# Quick ways to manually sort new photos into a collection



## Rob M. (Oct 24, 2018)

When I import new photos or graphics and add them to a collection, Lr adds them at the end of the collection. Then I drag/drop them into position, which can itself be a drag in a large collection, especially if the new photo should be at the beginning of the collection. While dragging, if I hold the photo near the top of the grid view, the grid may scroll, but usually slowly, if at all. Is there a trick to making it scroll quickly?

Ideally, I'd like to  drag/drop the photo from elsewhere, say, my Desktop, to the correct place in a collection and have Lr open an import dialog for it. Lr doesn't seem to support that.

Alternatively, if there were a dialog where you could specify, Move the selected photos before/after photo number 123 in a collection, that'd solve the problem. Lr doesn't seem to support that either.

Any recommendations for a way to move photos long distances within collections? Or to get Lr to import them in/near the desired location to start with?

Thx,

Rob


----------



## Dan Marchant (Oct 24, 2018)

Rob M. said:


> While dragging, if I hold the photo near the top of the grid view, the grid may scroll, but usually slowly, if at all.
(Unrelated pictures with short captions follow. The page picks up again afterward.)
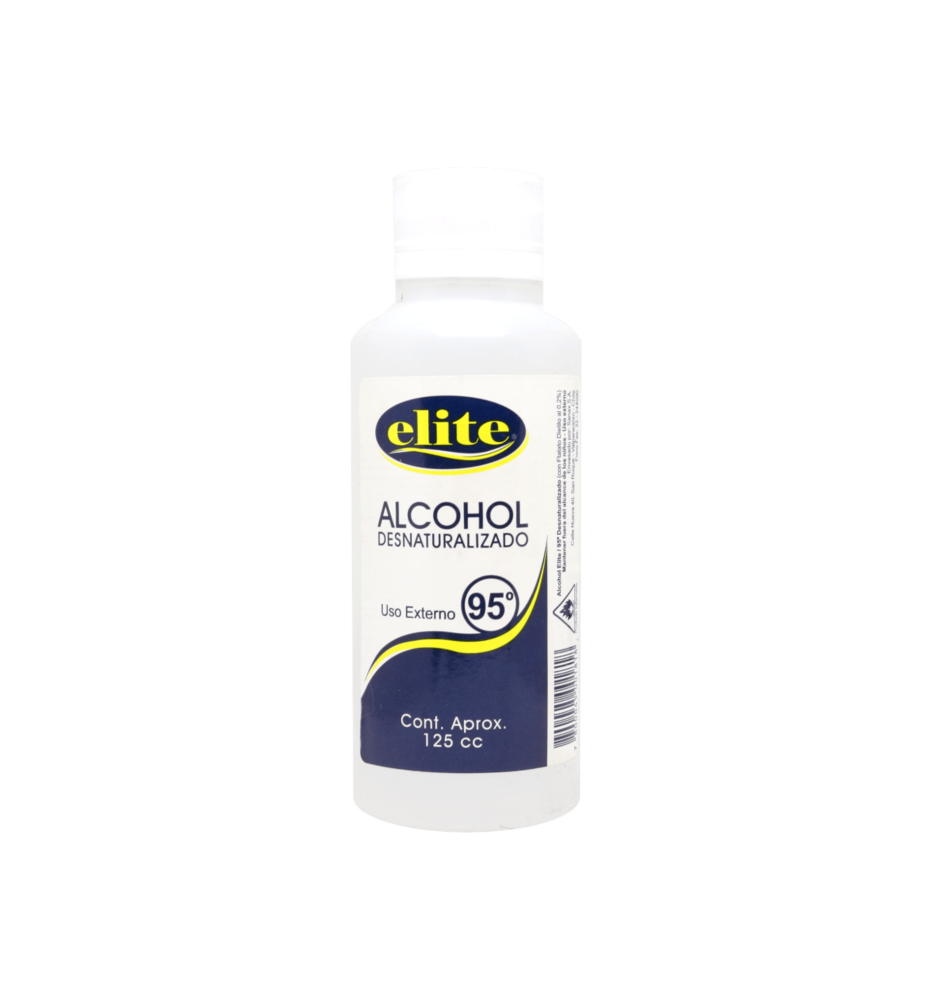 ALCOHOL DESNATURALIZADO 95 X125ML ALCOHOL DESNATURALIZADO 95 X125ML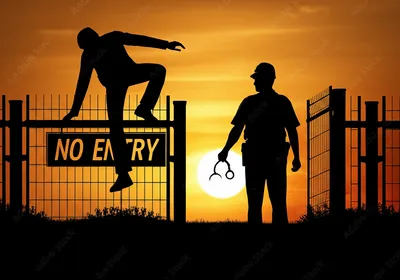 Illustration trespassing - Image 1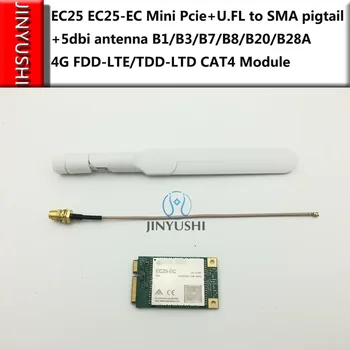 JINYUSHI EC25 EC25-EC Mini Pcıe + U. FL SMA pigtail + 5dbi anten B1/B3/B7 / B8 / B20 / B28A 4G FDD-LTE / TDD-LTD CAT4 Modülü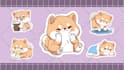 draw cute kawaii animal character for sticker, mascot and branding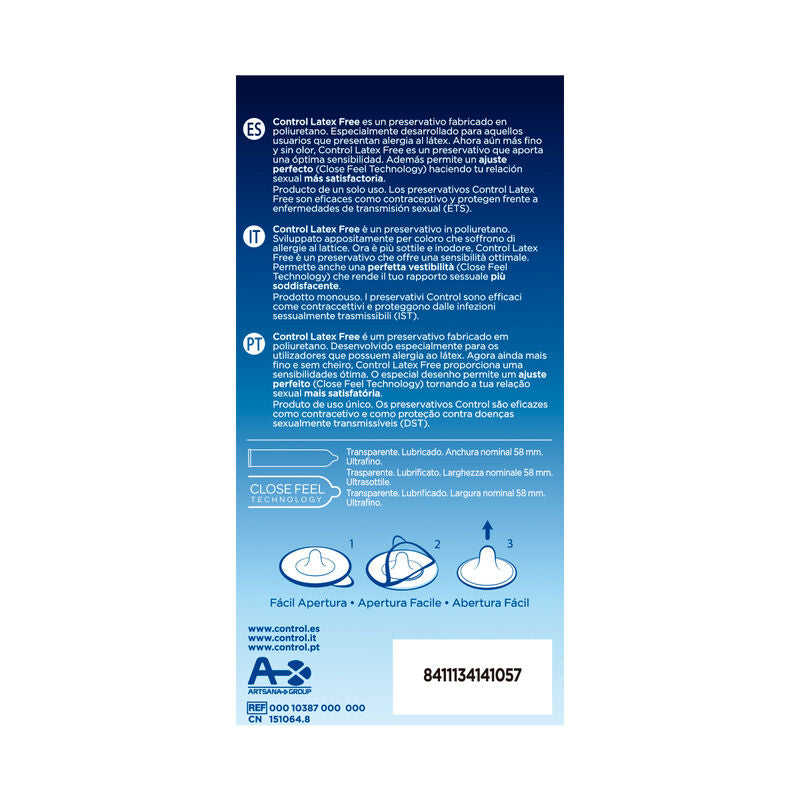 CONTROL - LATEXVRIJE CONDOMS 5 STUKS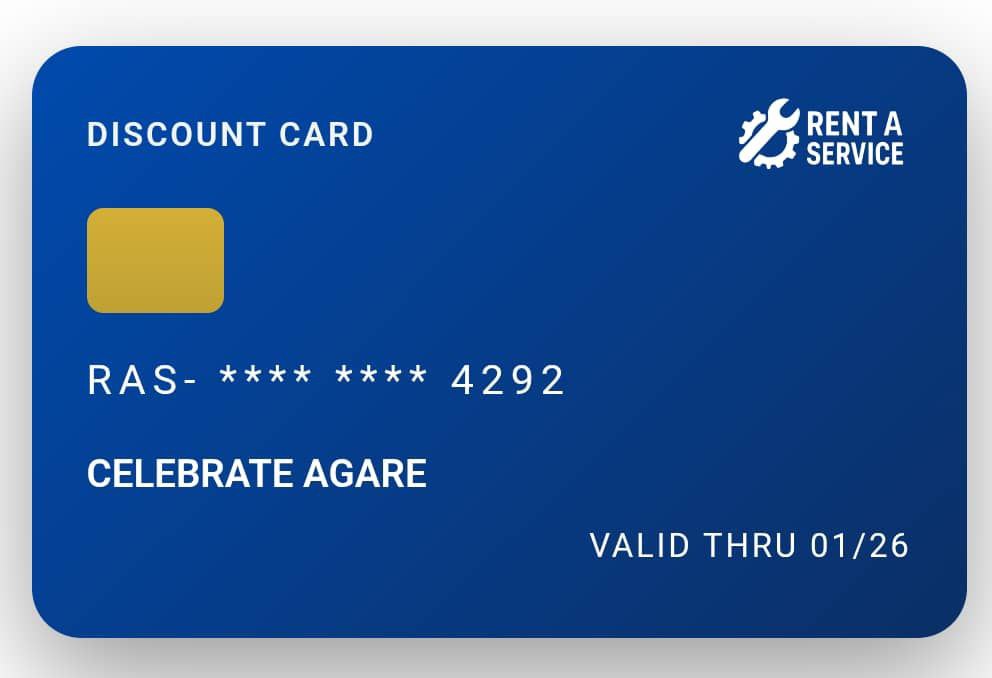 Rent A Service Membership Discount Card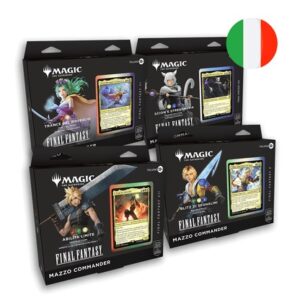 MTG - Final Fantasy Commander Deck Display ITA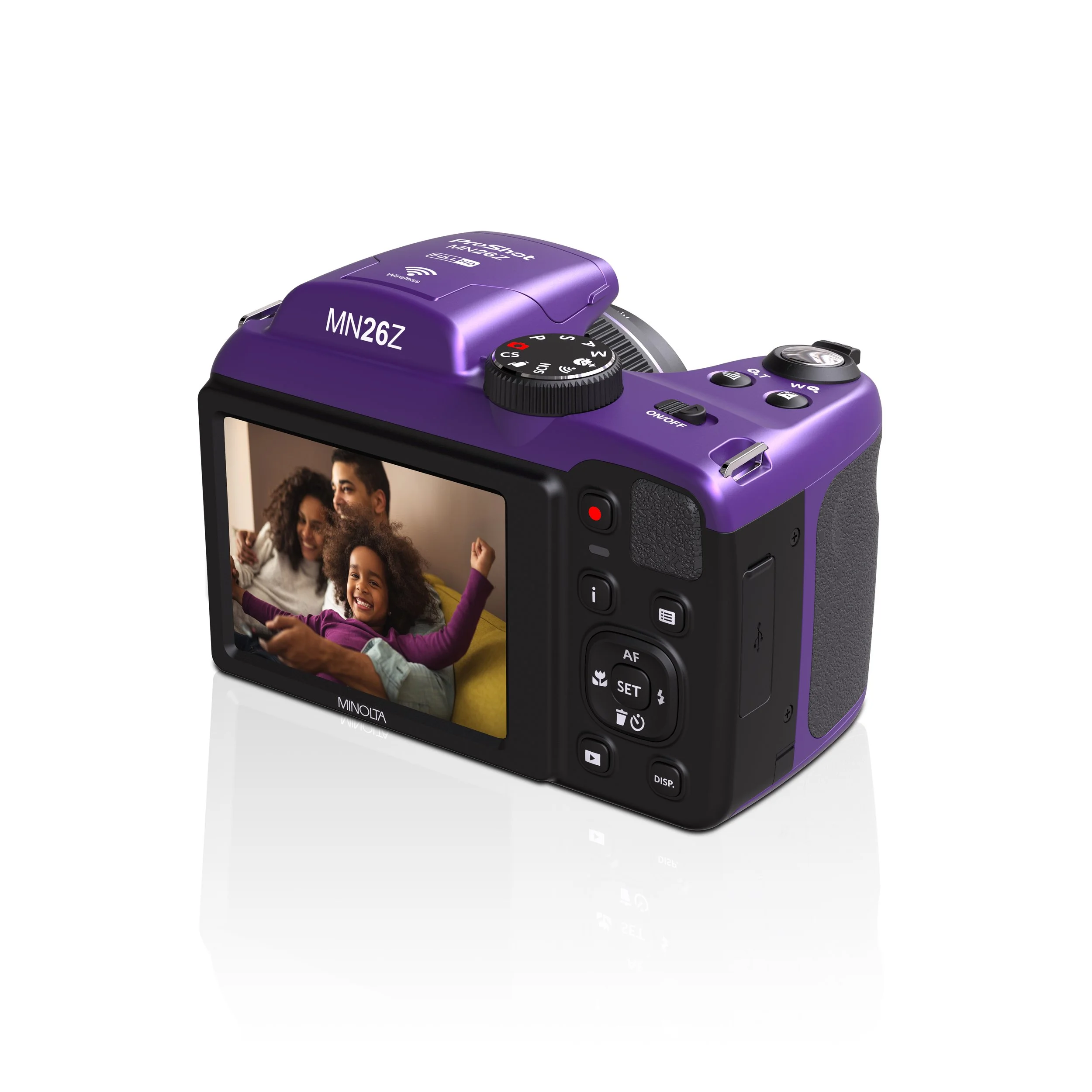 MN26Z 20MP 26X Optical Zoom WiFi Bridge Camera — Minolta Digital MN26Z 20MP 26X Optical Zoom WiFi Bridge Camera — Minolta Digital
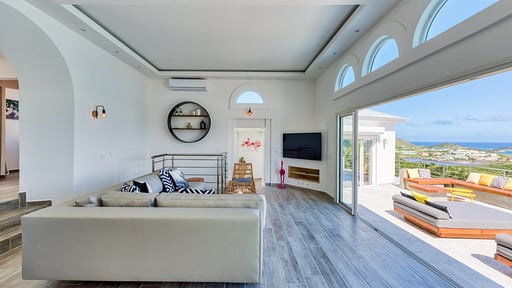 Villa Topaze Living room 1
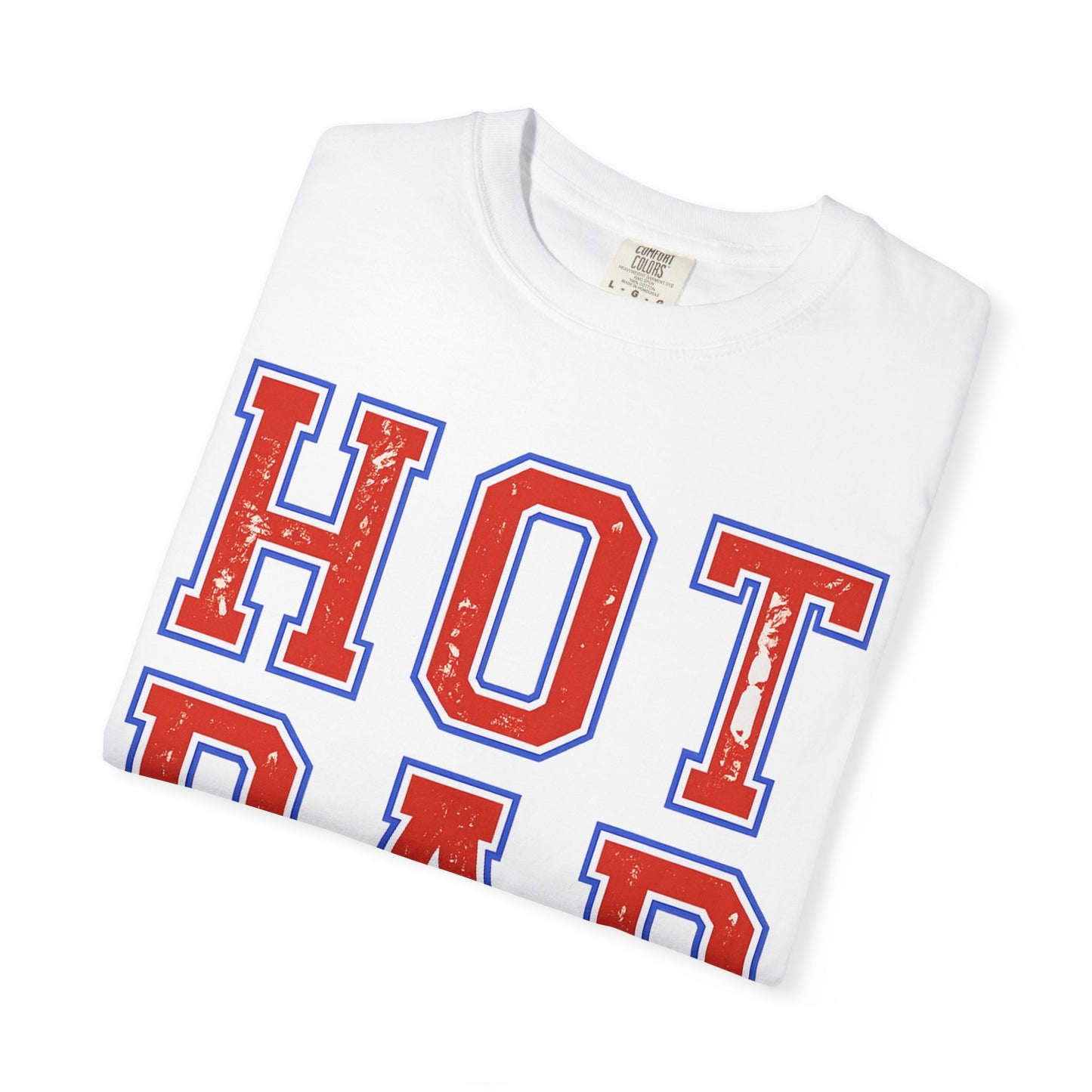 Hot Dad Club T-Shirt — Retro Varsity Dad Graphic Tee for Father’s Day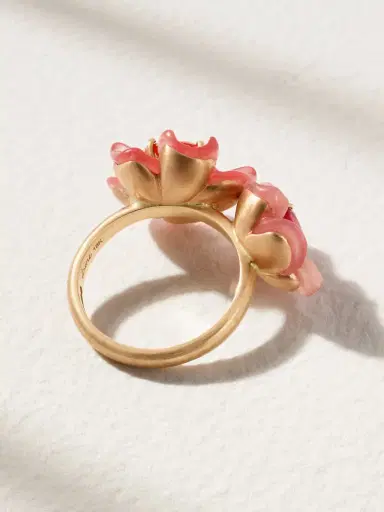 Irene Neuwirth Tropical Flower Duet 18-karat Rose Gold Multi-stone Ring | Thumbnail 3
Is there a trick to making it scroll quickly?


Mine scrolls slowly when the image is _near_ the top but as soon as I reach the top/overlap the filter bar it speeds up dramatically.



> Ideally, I'd like to  drag/drop the photo from elsewhere, say, my Desktop, to the correct place in a collection and have Lr open an import dialog for it. Lr doesn't seem to support that.
> 
> Alternatively, if there were a dialog where you could specify, Move the selected photos before/after photo number 123 in a collection, that'd solve the problem. Lr doesn't seem to support that either.


LR doesn't do what you want and I doubt it ever will because your requirements are so unique and specific.

Having said that LR does launch an Import dialogue when you drag a file onto it and that dialogue includes a tick box/functionality to add the image to a collection automatically during import. However you can't import just to a collection because they are virtual - there is no folder on your HD that the collection images files sit in. The files all sit in their actual folder and LR just stores a virtual pointer to say that those files are in that collection.

As for sorting, there are a number of different options that a collection view can by sorted by (selected from the toolbar) including a custom option. Unfortunately there is no way to specify the exact location of a specific image within a custom sort view other than by dragging it.

You could do a work around such as choosing _sort by file name_ and then renaming files to alphanumeric files names that result in them appearing in the right order but it would require you to know where you wanted a file to appear and what file name you needed to use to get it to appear in the right position prior to importing.


----------



## Rob M. (Oct 24, 2018)

Hi, Dan --

Re scrolling, thanks! If I'm _very_ careful about where I drag, I can scroll quickly enough, say, 10-15s to scroll up through 500 photos with medium-sized thumbnails, faster with minimal-sized ones. That's livable.

Re drag/drop, Lr already does most everything. When you drag an image over the grid view of a collection, it brings up the import dialog so that you can pick a destination on disk for it. The thing it apparently can't do is to take the hint that you'd like to add the image to the active collection and let you to pick the position (the way you normally would if when using drag/drop to sort photos within a collection). Even lowly iPhoto supports drag/drop into a chosen location in an album (its version of a collection), but admittedly it doesn't let you control where the master is stored.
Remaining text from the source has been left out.